Nothing but an exact copy is asked for: the lines in the material below from the one with "polyester double braided rope with core" through the one with "Stabdžių trinkelių rinkinys, diskinis", pictures excluded.

### [Source data]
·····

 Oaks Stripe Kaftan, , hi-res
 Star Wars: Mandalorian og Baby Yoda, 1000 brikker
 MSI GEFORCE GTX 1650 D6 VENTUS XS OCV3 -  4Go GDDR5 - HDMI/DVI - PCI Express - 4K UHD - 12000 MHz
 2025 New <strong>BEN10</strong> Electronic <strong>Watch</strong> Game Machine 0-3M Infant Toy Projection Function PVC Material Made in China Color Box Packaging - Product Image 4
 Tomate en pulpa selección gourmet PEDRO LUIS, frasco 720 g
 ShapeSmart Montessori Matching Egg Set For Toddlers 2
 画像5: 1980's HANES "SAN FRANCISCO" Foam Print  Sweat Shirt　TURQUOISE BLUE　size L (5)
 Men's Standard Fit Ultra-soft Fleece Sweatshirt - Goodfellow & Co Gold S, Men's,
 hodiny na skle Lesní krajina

·····

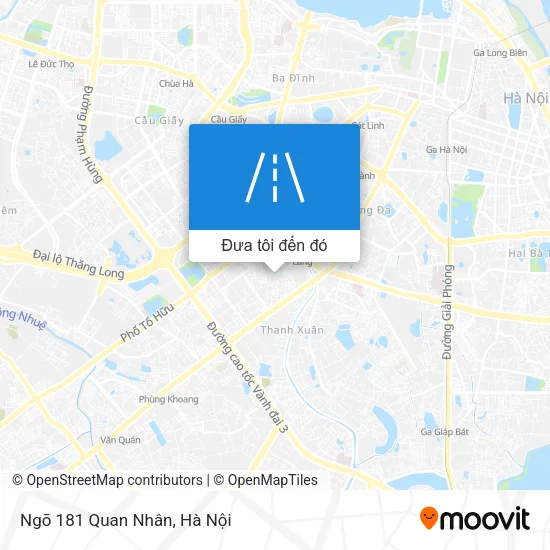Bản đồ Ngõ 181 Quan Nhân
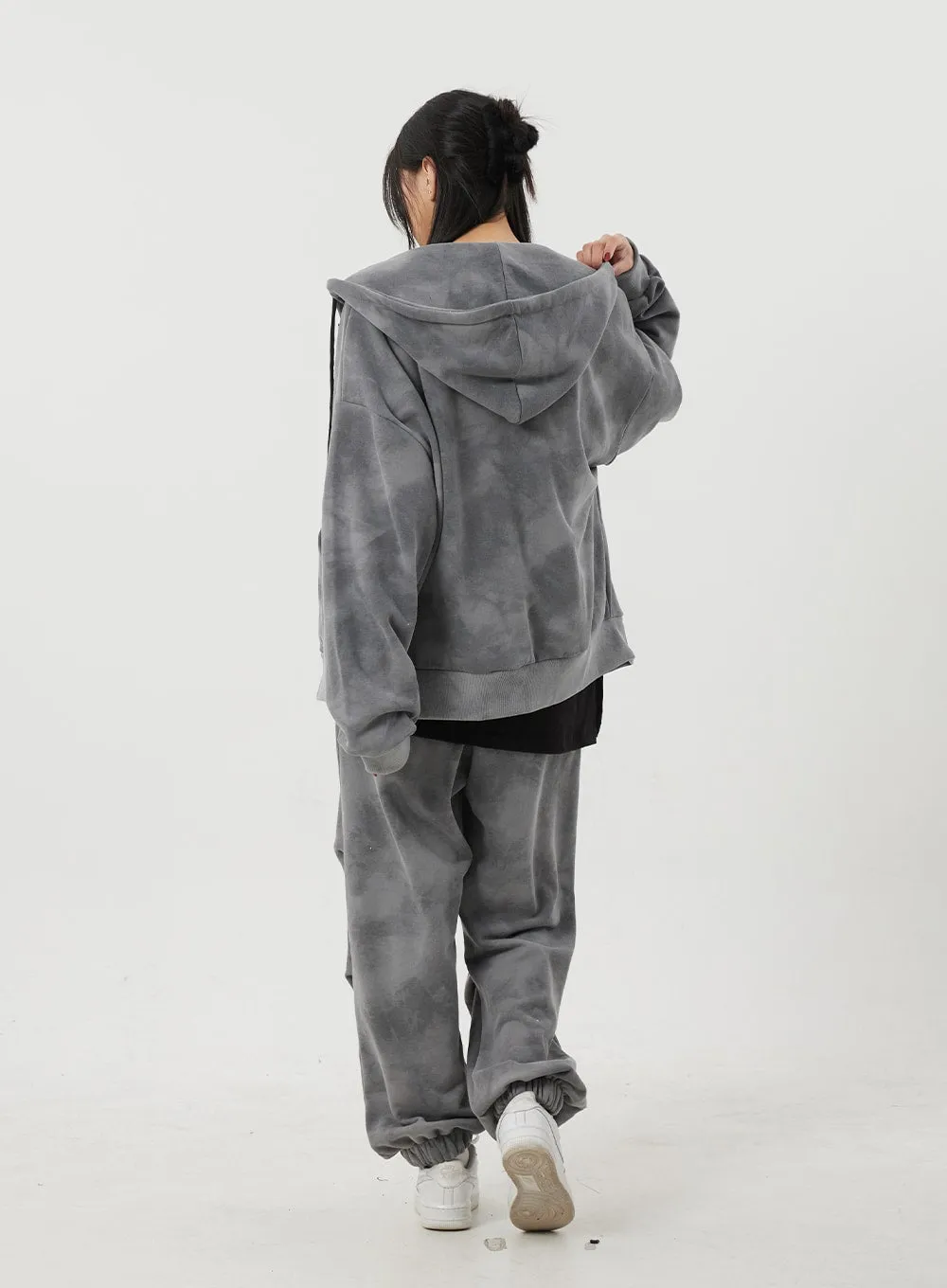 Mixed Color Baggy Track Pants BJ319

·····

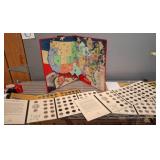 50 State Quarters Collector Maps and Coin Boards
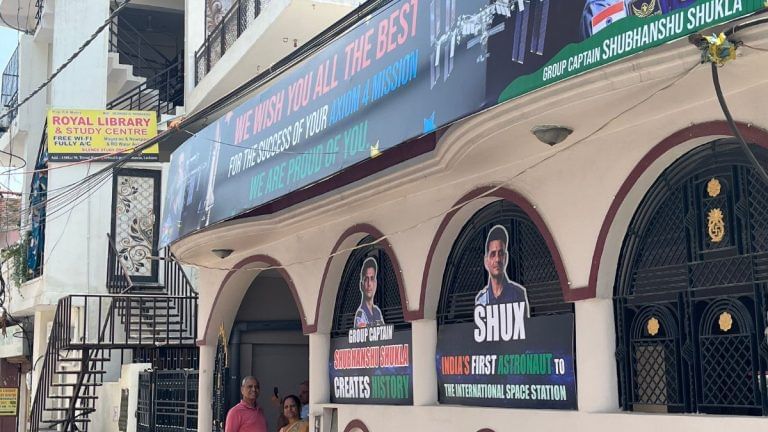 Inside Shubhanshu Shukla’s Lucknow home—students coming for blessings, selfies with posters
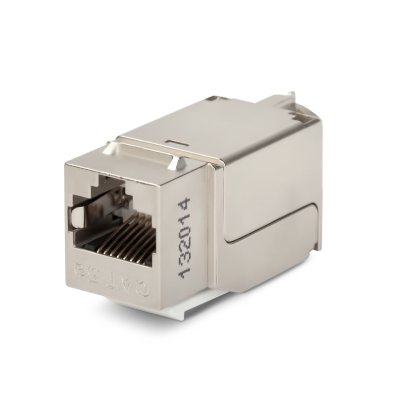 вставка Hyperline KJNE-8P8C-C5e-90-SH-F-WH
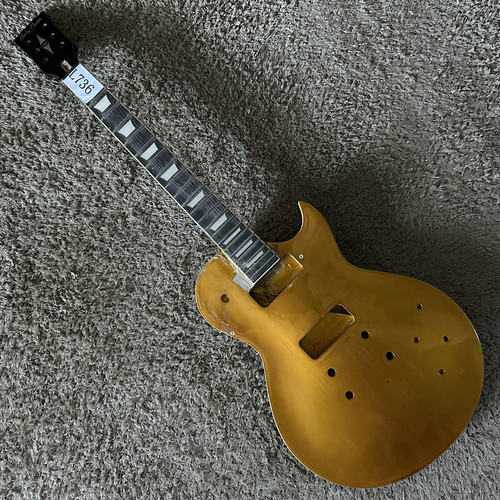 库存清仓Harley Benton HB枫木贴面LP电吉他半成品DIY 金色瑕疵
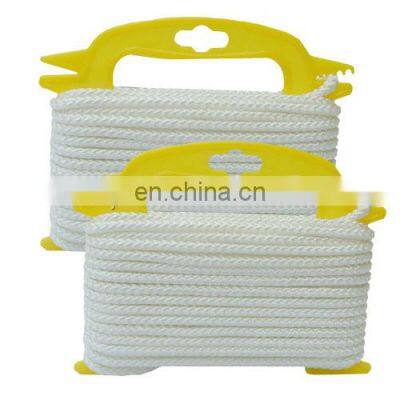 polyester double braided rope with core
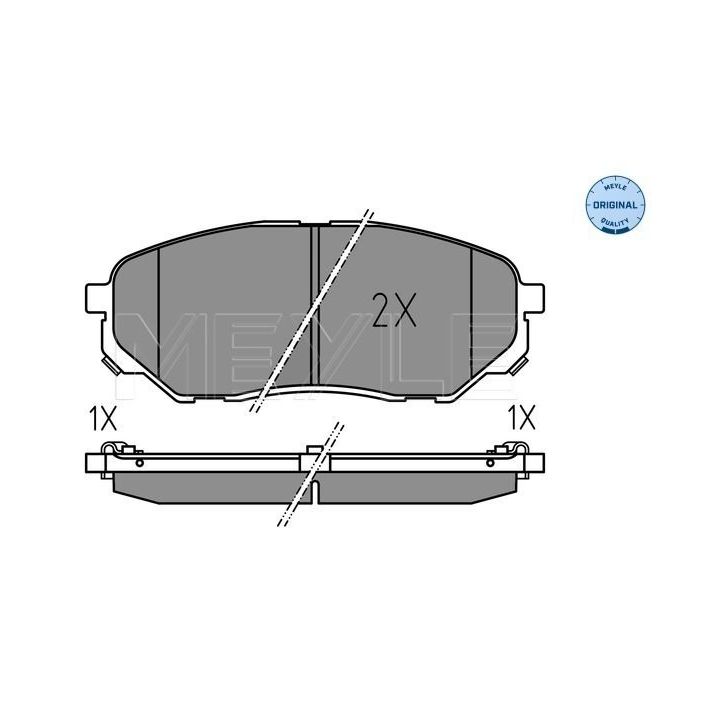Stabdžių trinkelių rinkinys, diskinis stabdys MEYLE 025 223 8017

·····

### [Exercise response]
 polyester double braided rope with core
Stabdžių trinkelių rinkinys, diskinis stabdys MEYLE 025 223 8017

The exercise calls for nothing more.